The specific embodiments described herein are merely illustrative of the spirit of the invention. Various modifications or additions may be made to the described embodiments or alternatives may be employed by those skilled in the art without departing from the spirit or ambit of the invention as defined in the appended claims.

Claims

1. A multi-dictionary remote sensing image space-time fusion method based on maximum posterior is characterized by comprising the following steps:

step 1, classifying training images, comprising the following substeps,

step 2, learning a multi-class dictionary, comprising the following substeps,

step 5, mixing t_1+nLow resolution image of time, and t₁And (3) taking the difference of the low-resolution images at the moment as an input image, repeating the step 3-4 to obtain a reconstructed high-resolution image L22, and adding the two images L21 and L22 for averaging to obtain a final reconstruction result.
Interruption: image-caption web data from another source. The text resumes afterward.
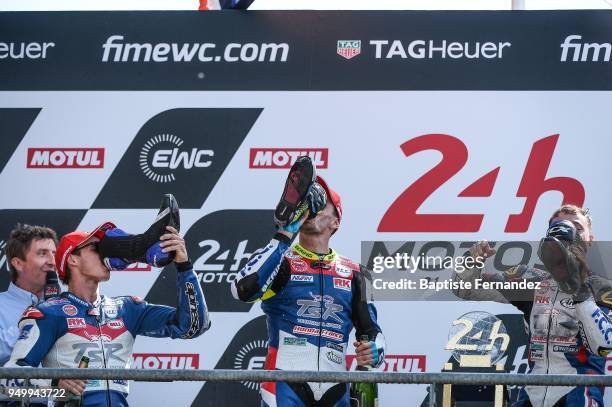 Josh Hook, Freddy Foray and Alan Techer of FCC TSR Honda France celebrates winning during the 40th Anniversary of 24 Hours of Le Mans 2018,...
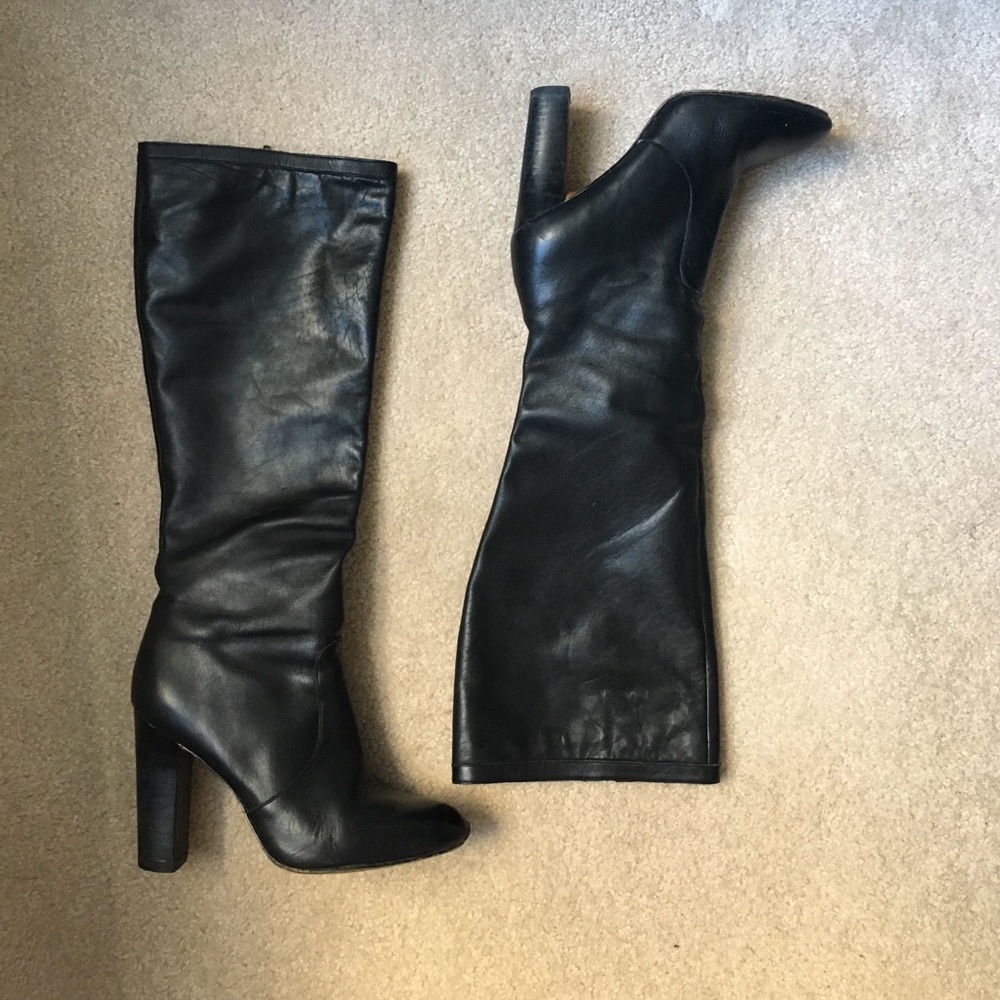 Knee high black leather healed boots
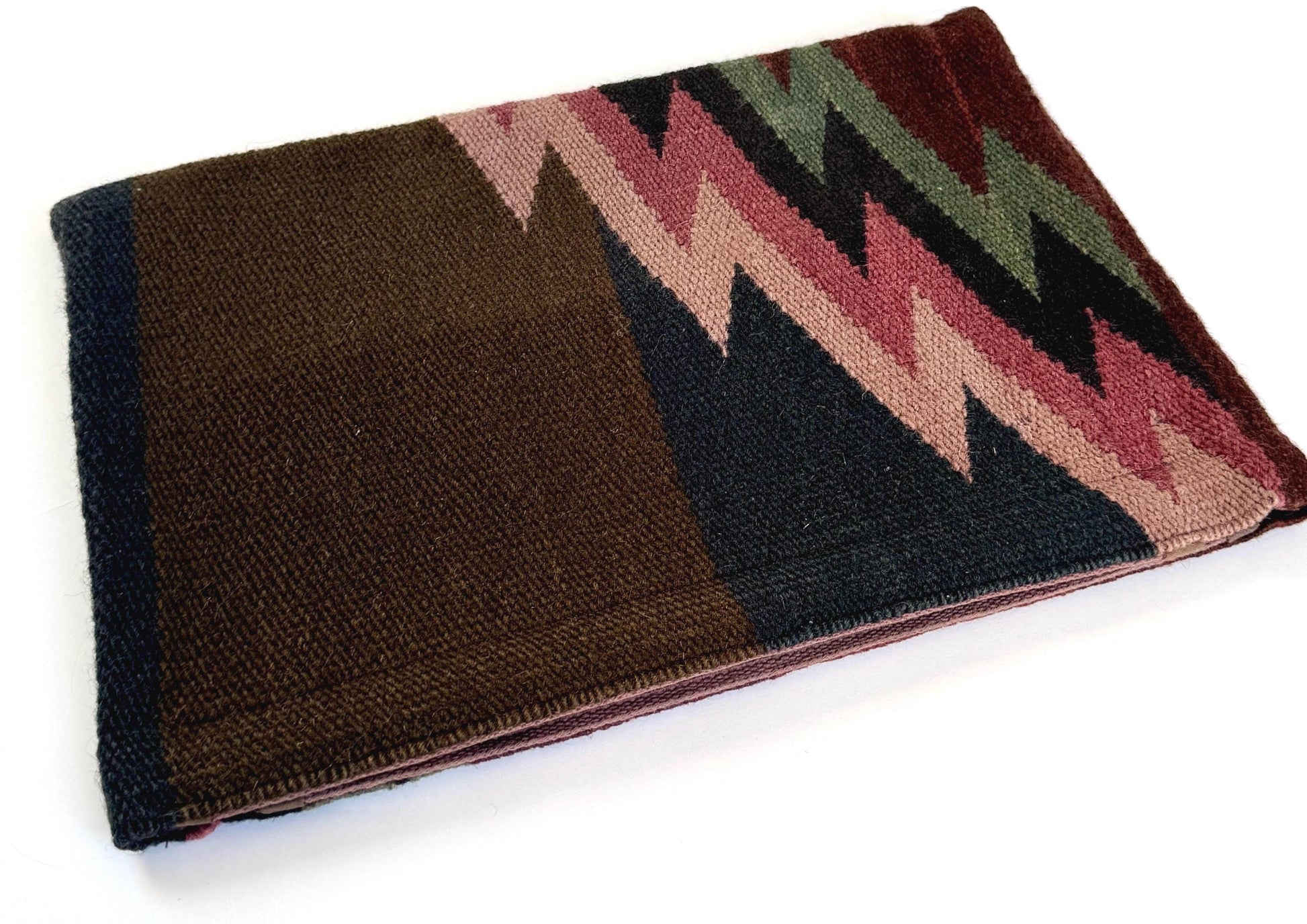 Southwest Handwoven Wool Clutch Bag Purse Pouch Vintage Geometric Weaving Likely Southwest Native American Navajo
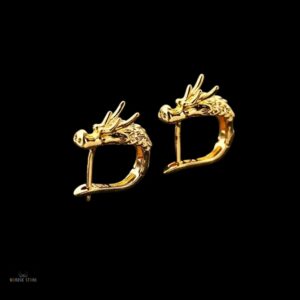 boucles d’oreilles dragon Nidhogg en acier or, cadeaux homme et femme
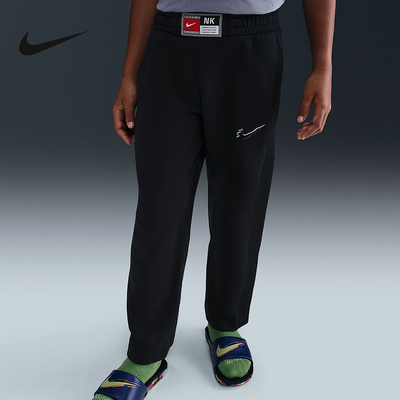 NIKE耐克大童宽松加绒长裤冬新款男女童针织休闲运动裤HV0507-010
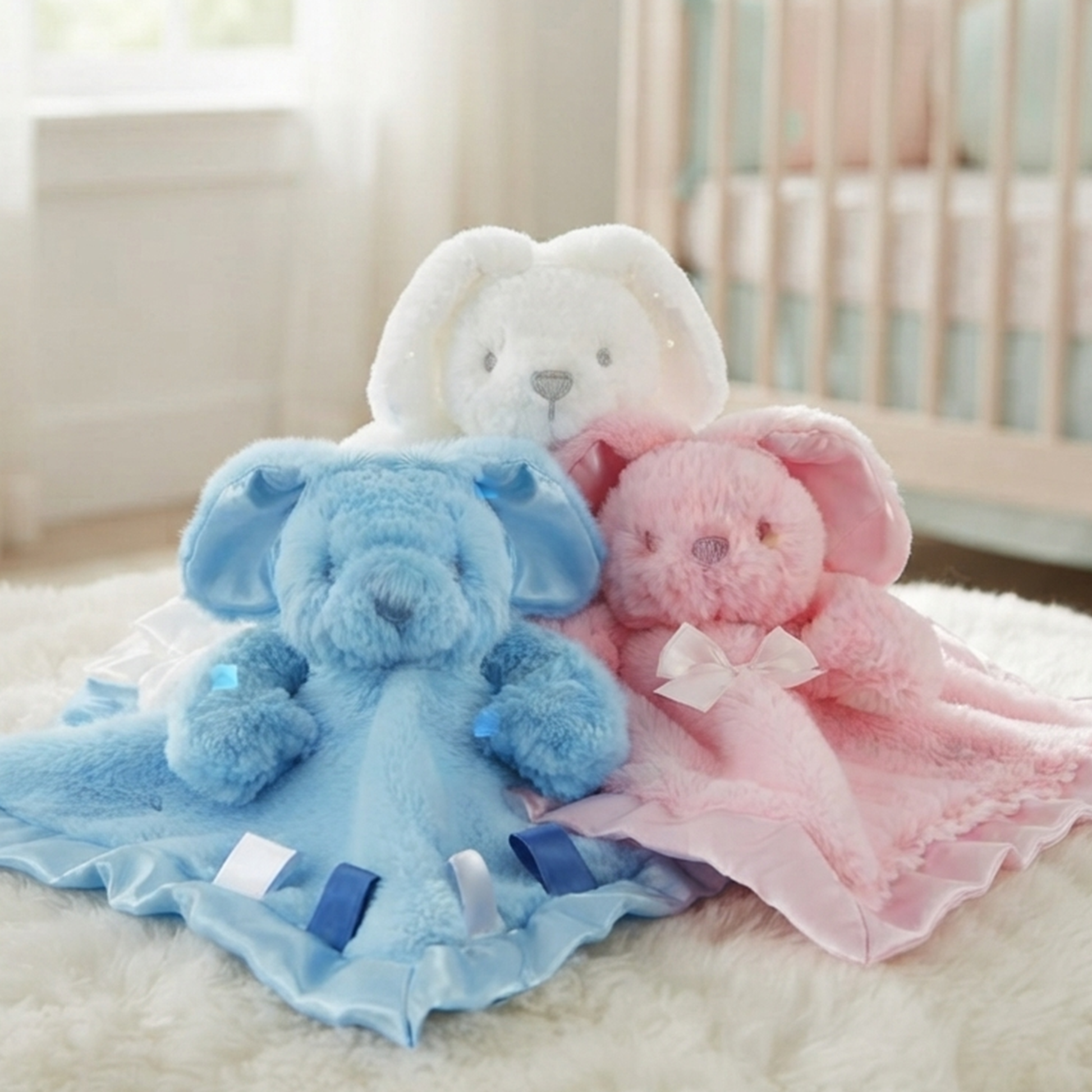 Two plush bunny comforters with attached blankets, one in light blue and one in light pink, arranged together on a white faux-fur surface in a softly lit nursery setting.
2. The maximum a posteriori based spatio-temporal fusion method for multi-dictionary remote sensing images according to claim 1, characterized in that: in the step 2.3, a high-low resolution dictionary pair belonging to each class is trained for each class of training sample matrix by adopting a K-SVD method in the following way,

x＝Dα (1)

overcomplete dictionary

D＝{d₁,d₂,…,d_N}∈R^M×N(2)

Coefficient of sparseness

α＝{α₁,α₂,…,α_N}^T∈R^N(3)

Wherein M and N are rows and columns of the dictionary matrix respectively, wherein M is less than N, each column in the dictionary matrix is called a dictionary atom d, N dictionary atoms are shared, and the dimension of each atom is M;

where λ is a regularization parameter used to balance sparsity and reconstruction errors of the sparsity-represented signal, | α | | survival₁Is 1₁Norm, representing the sum of absolute values, | | Z-Da | | non-conducting phosphor₂Is represented by₂Norm, Z ═ Y; x]Y is a high-resolution training sample matrix, X is a low-resolution training sample matrix, and both X and Y are subjected to normalization processing; d ═ D_I；D_h]，D_I，D_hRespectively, low-resolution dictionary and high-resolution dictionary, D^*,α^*Expressing a dictionary and a sparse representation coefficient obtained after optimizing the right side of the equation;

d. updating the kth column of the dictionary:

d_jColumn j in the dictionary;

③E_kof which only the k column of the dictionary is reserved

The term after the product of the medium non-zero positions forms

④ pairs

3. The maximum a posteriori based spatio-temporal fusion method for multi-dictionary remote sensing images according to claim 1 or 2, characterized in that: in the step 3.3, each pixel point adopts the maximum posterior probability method to select the category of the pixel point dictionary group, the realization method is as follows,

the pixel value of a certain pixel point in the known input image is x_mnUnder the condition (1), m and n are coordinates, and the posterior is calculated under the assumption of each dictionary group through a Bayes formula (5)And (3) probability, taking the maximum posterior probability as the final dictionary group of the pixel point, wherein the Bayesian formula is as follows:

p (x) when calculating the maximum a posteriori probability_mn) Without involving in the calculation, the formula (5) can be converted into the following formula,

wherein, I represents the category of the dictionary, for an input image I, the image size is MxN, and pixel values x of all pixel points in the image are taken out_mnWherein M is 1, 2.. times.m; n is 1,2, the dictionary type I is obtained through the formula (6), and the same pixel points of I are combined together to form the image block I of the I-th dictionary_i。

4. The maximum a posteriori based spatio-temporal fusion method for multi-dictionary remote sensing images according to claim 1, characterized in that: the simple coarse classification described in step 1.2 is a binary classification.